A high-performance HTTP/1.1 and WebSocket load generator built on Linux io_uring.
Official load generator for Http Arena
Requires Linux 6.1+, gcc, liburing-dev 2.5+
sudo apt install build-essential liburing-dev
git clone https://github.com/MDA2AV/gcannon.git && cd gcannon && make
The fastest HTTP load generator available. Built on io_uring's batched async I/O to maximize requests per second from a single machine.
Per-request latency tracking with microsecond-resolution histograms via CLOCK_MONOTONIC. Every response is recorded — percentiles are exact, not estimated.

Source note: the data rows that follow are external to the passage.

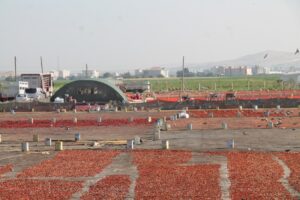 Şanlıurfa’da ‘acı’ mesaisi başladı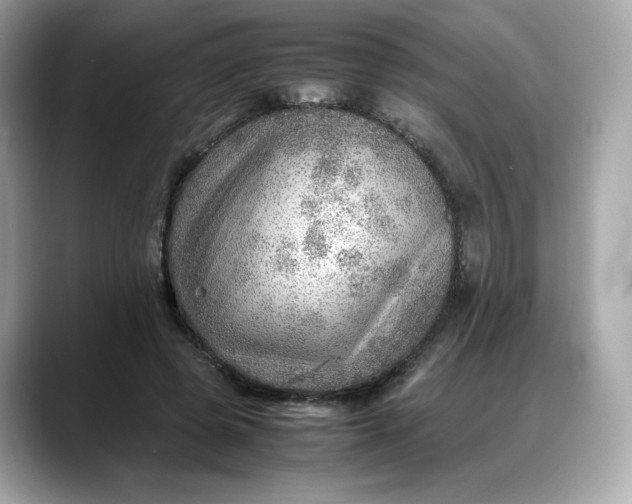 X0000088370545200706051043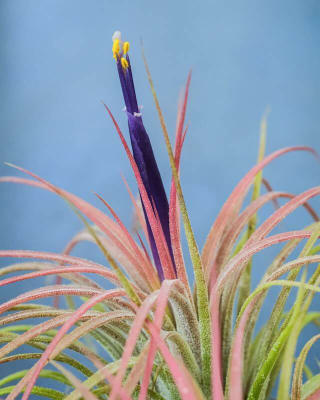 a plant with red and yellow leaves and a blue background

Pass --tui for a rich terminal interface with live progress, throughput graph, and colored results.
During execution, the TUI displays a progress bar, real-time throughput stats, and a sparkline graph showing req/s over time. Updates every second.

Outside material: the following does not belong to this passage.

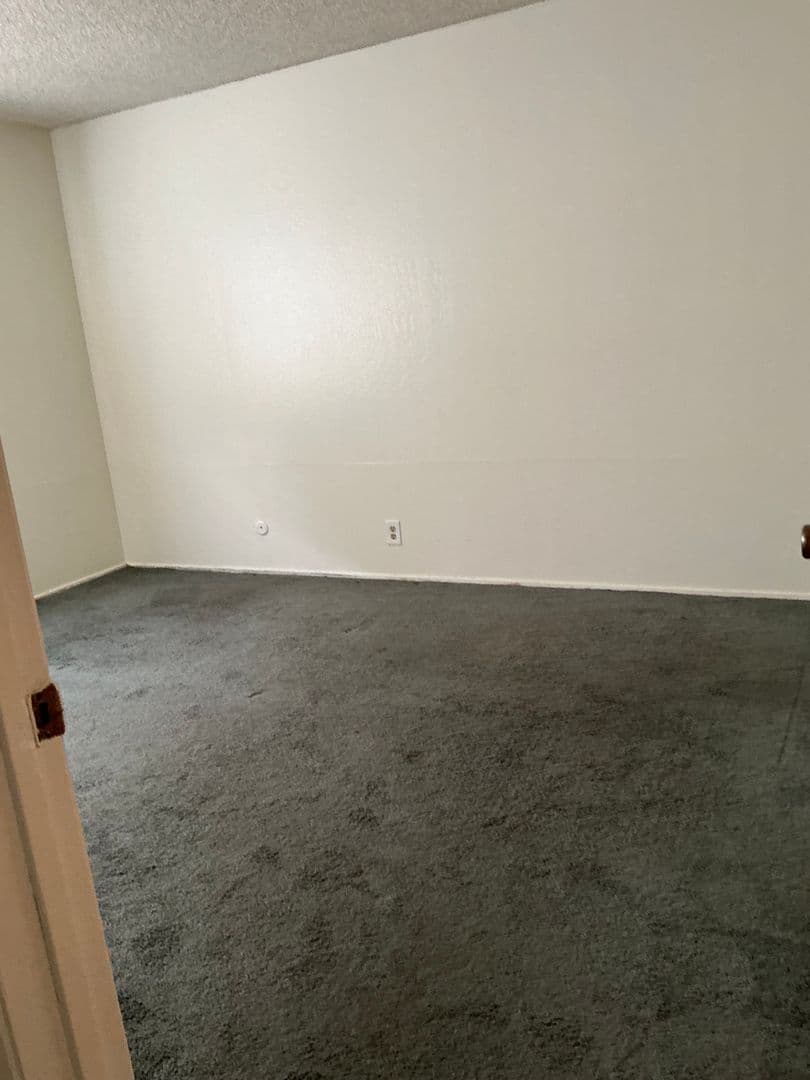 Berkeley Apartment: 2230 Haste St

Percentile latencies displayed in a clean box-drawn table with color coding: cyan for normal, yellow for p99, red for p99.9.
When using -r N, each connection closes and reconnects after N request/response pairs. The results show the total reconnect count and confirm that every response was latency-sampled. In this example, 28.97M responses across 10 req/conn = ~2.9M reconnects.
The histogram automatically zooms into your data range. Bucket boundaries are computed from p0 to p99.9 of the actual latency distribution, divided into equal-width slices. Control granularity with -b.
Results are saved after every run to ~/.gcannon/history.bin (up to 100 runs). In TUI mode, bar graphs show req/s and avg latency trends across the last 10 runs. The Y-axis adapts to the data range so small differences are visible, and each bar shows its value at the tip. The current run is highlighted in green. Clear history with --clear-history.
Run History (5 runs) Req/s │ 3.51M 3.52M │ █████ │ 3.50M █████ 3.49M │ 3.48M █████ █████ │ █████ █████ █████ │ █████ █████ █████ 3.46M └────────────────────────────────── Avg Latency │ 152us 154us │ █████ │ █████ 148us 149us │ █████ 147us █████ │ █████ █████ █████ │ █████ █████ █████ 144us └──────────────────────────────────
When using multiple --raw request files, pass --per-tpl-latency to track latency histograms per template. Each template gets its own percentile breakdown (avg, p50, p99, p99.9). Zero overhead when not enabled.
Machine-readable output for scripts, CI pipelines, and dashboards. Pass --json to get a single JSON object on stdout with no banner or progress output.
In WebSocket mode (--ws), additional ws_upgrades and ws_frames fields are included. When using multiple --raw templates with --per-tpl-latency, a per_template array is added with per-template response counts and latency percentiles.
Pipe to jq for filtering:
Simple CLI interface. The only required argument is the target URL.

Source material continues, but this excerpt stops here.